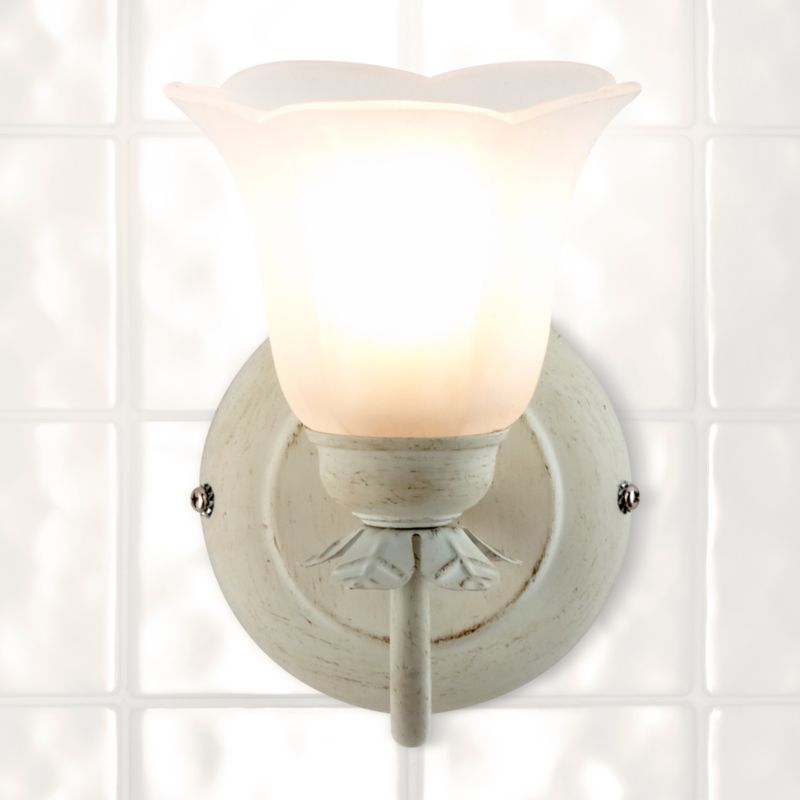 Lights by BandQ Tiffany Single Spot Light Antique White Effect with Frosted Glass Shade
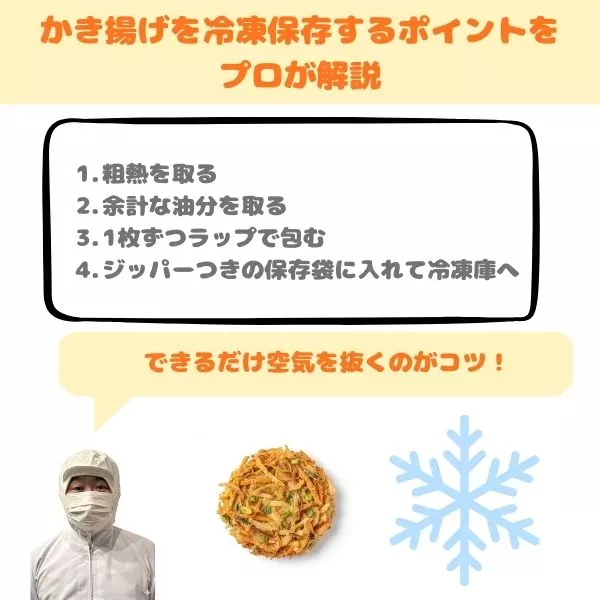 かき揚げを冷凍保存するポイント見出しの画像
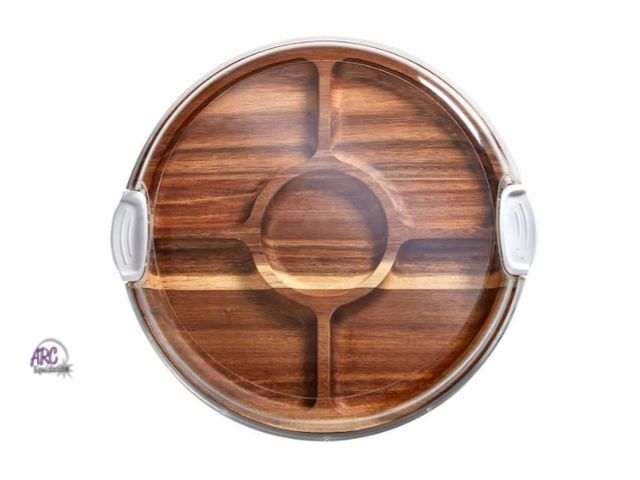 Lot 56-549818 - NEW-14 in. x 2.95 in. H Round Build-A-Board Cutting Board W/5 Compartments and Clear Locking Lid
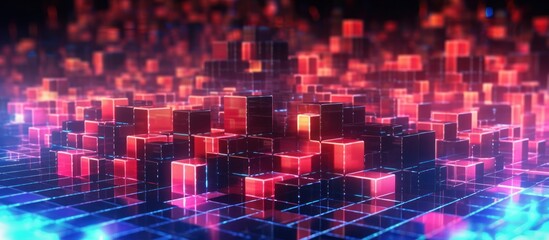 Obraz premium Red and Blue Digital Grid with Glowing Cubes.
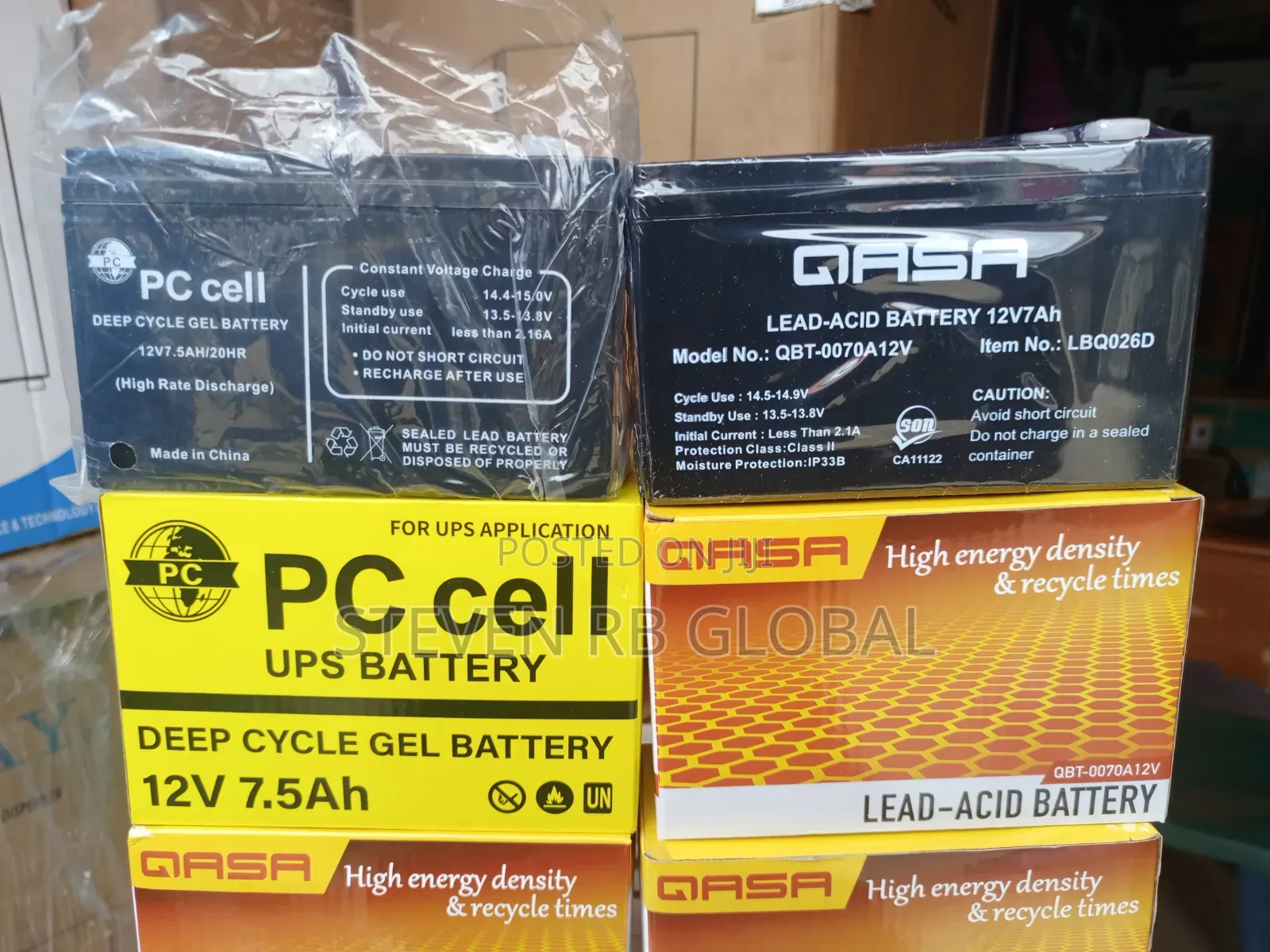Qasa 12V 7Ah Rechargeable Lead-Acid Battery | QBT-0070A12V
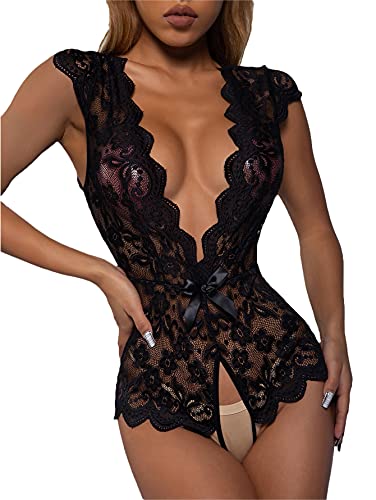 SheIn Women's Floral Lace Scallop Trim Lingerie Bodysuit One Piece Teddy Babydoll Black Large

*-*-*

**Exercise directions**
For the material above, repeat each line exactly and leave out the pictures.

**Task answer**
 Lights by BandQ Tiffany Single Spot Light Antique White Effect with Frosted Glass Shade
 かき揚げを冷凍保存するポイント見出しの画像
 Lot 56-549818 - NEW-14 in. x 2.95 in. H Round Build-A-Board Cutting Board W/5 Compartments and Clear Locking Lid
 Obraz premium Red and Blue Digital Grid with Glowing Cubes.
Qasa 12V 7Ah Rechargeable Lead-Acid Battery | QBT-0070A12V
 SheIn Women's Floral Lace Scallop Trim Lingerie Bodysuit One Piece Teddy Babydoll Black Large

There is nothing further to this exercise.